● **EXERCISE DIRECTIONS**: Below are the records to transcribe exactly; do not include any images.

(ENTRIES PROVIDED begins)

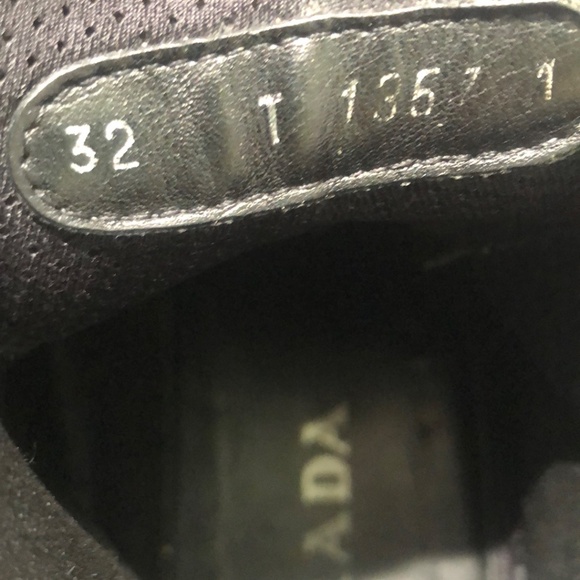 PRADA BLACK LEATHER CHELSEA BOOTS SIZE 32 - Picture 7 of 8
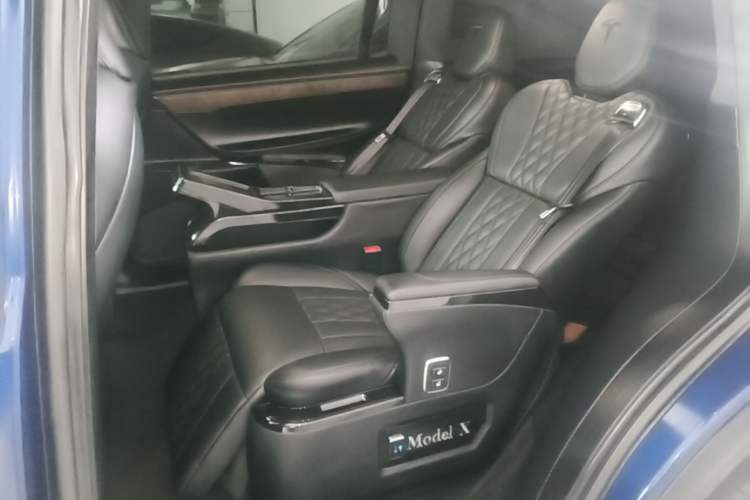 Used Tesla Model X 2019 Long-Range Version Left Rear Seat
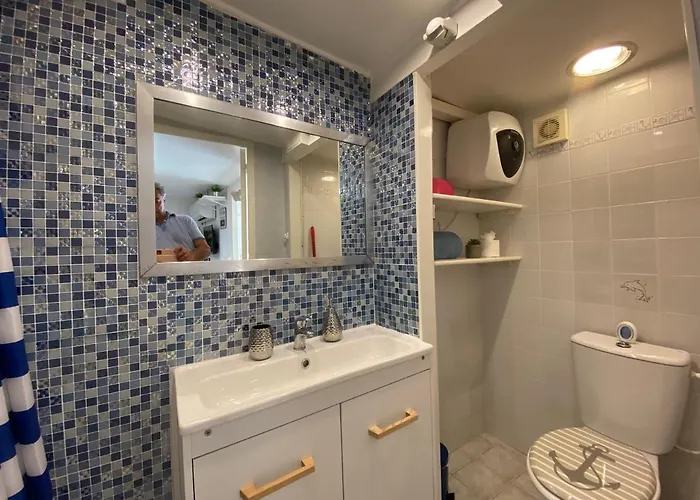 Debbie's Crew House Хостел Антиб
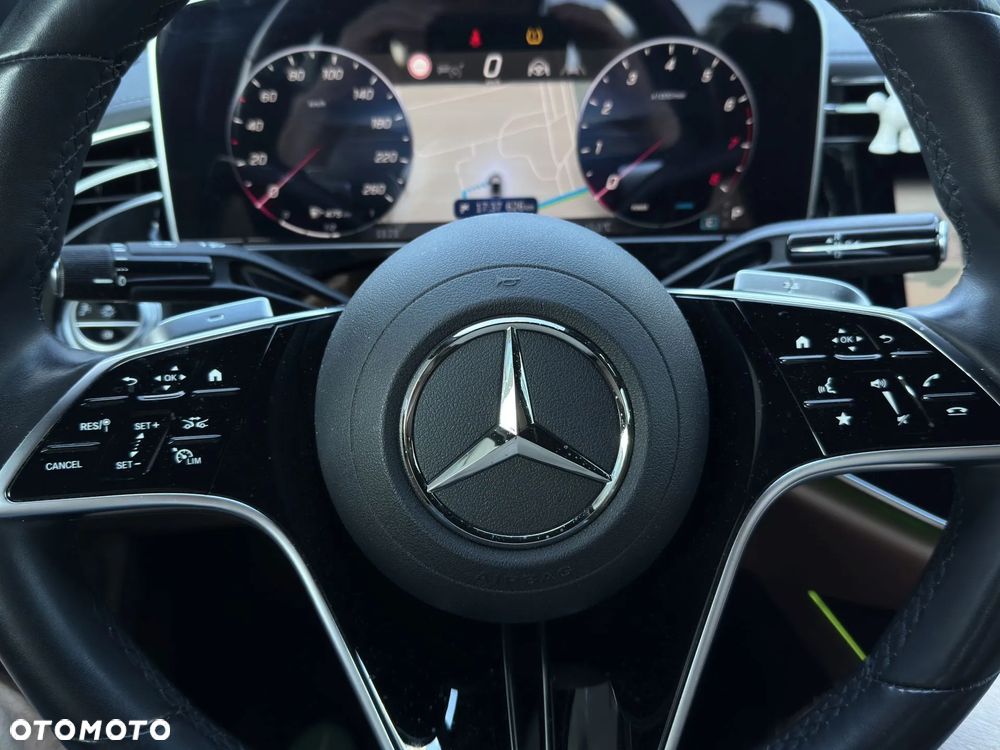 Mercedes-Benz Klasa E 200 mHEV Avantgarde 9G-Tronic - 26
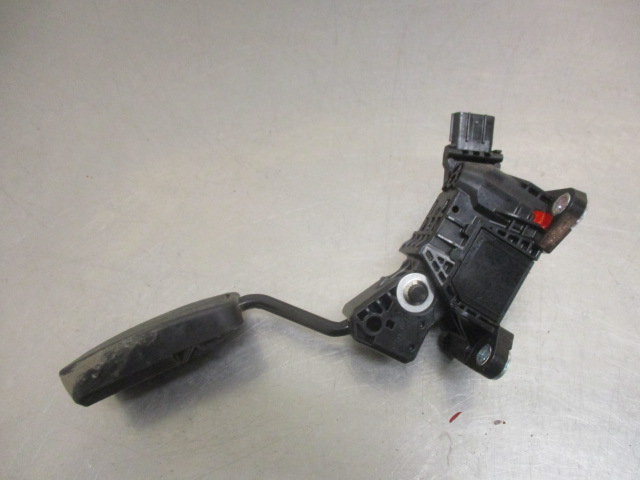 Accelerator pedal HONDA CR-V IV (RM_)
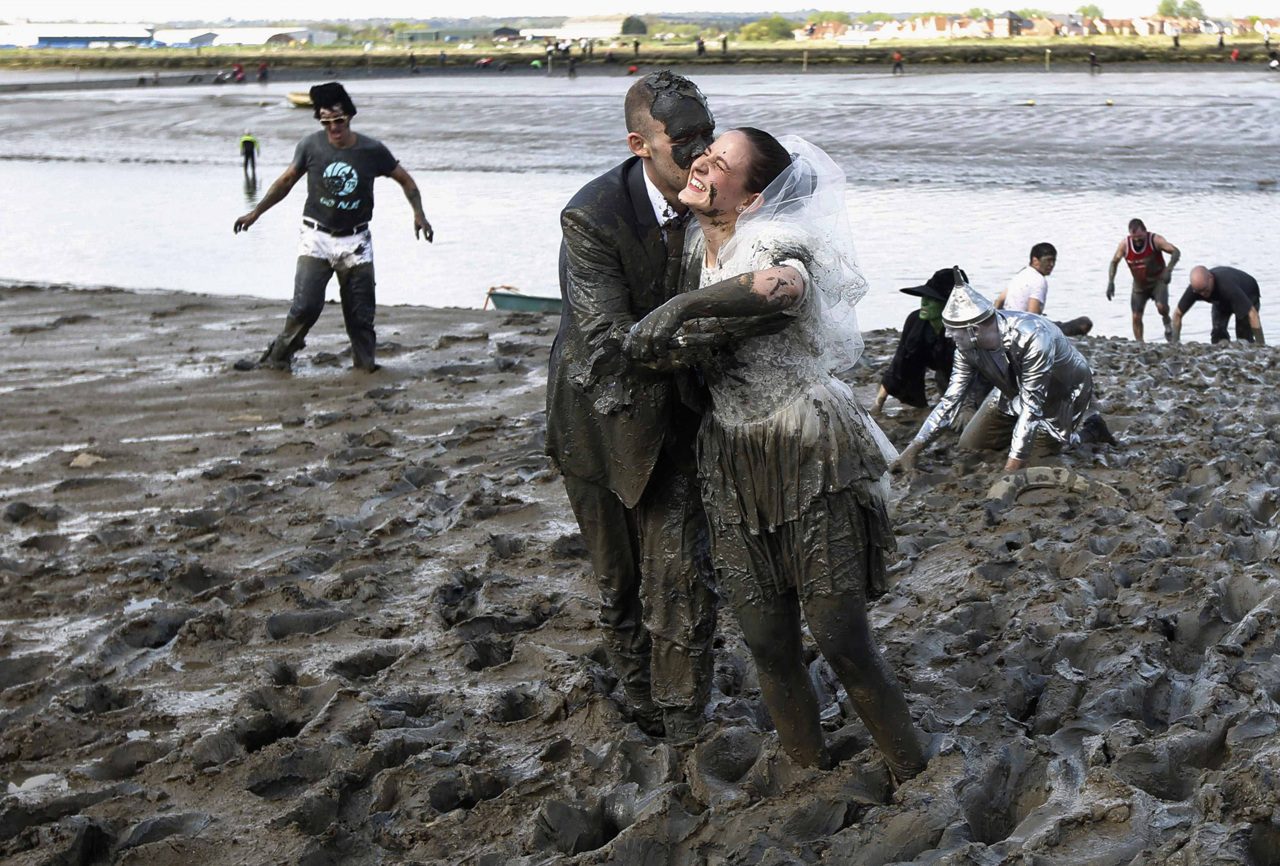 300 متسابق يخوضون في الوحل من أجل عمل خيري(فيديو)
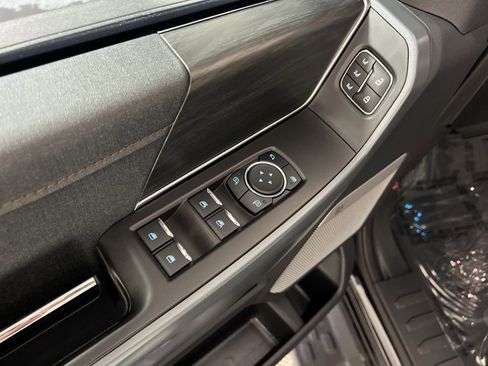 Used 2024 Ford F150 Lightning Lariat image 15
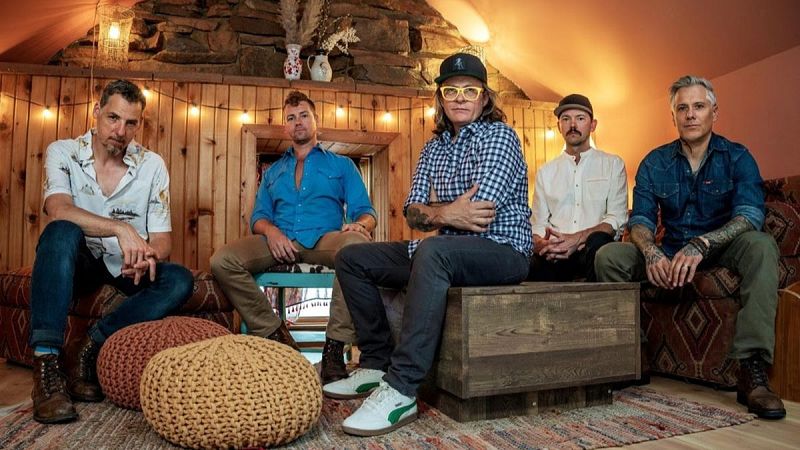 Sin Rodeos - The Infamous Stringdusters celebran 20 años como grupo  - 28/01/26 - Escuchar ahora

(ENTRIES PROVIDED ends)

● **TASK OUTPUT**:
 PRADA BLACK LEATHER CHELSEA BOOTS SIZE 32 - Picture 7 of 8
 Used Tesla Model X 2019 Long-Range Version Left Rear Seat
 Debbie's Crew House Хостел Антиб
 Mercedes-Benz Klasa E 200 mHEV Avantgarde 9G-Tronic - 26
 Accelerator pedal HONDA CR-V IV (RM_)
 300 متسابق يخوضون في الوحل من أجل عمل خيري(فيديو)
 Used 2024 Ford F150 Lightning Lariat image 15
 Sin Rodeos - The Infamous Stringdusters celebran 20 años como grupo  - 28/01/26 - Escuchar ahora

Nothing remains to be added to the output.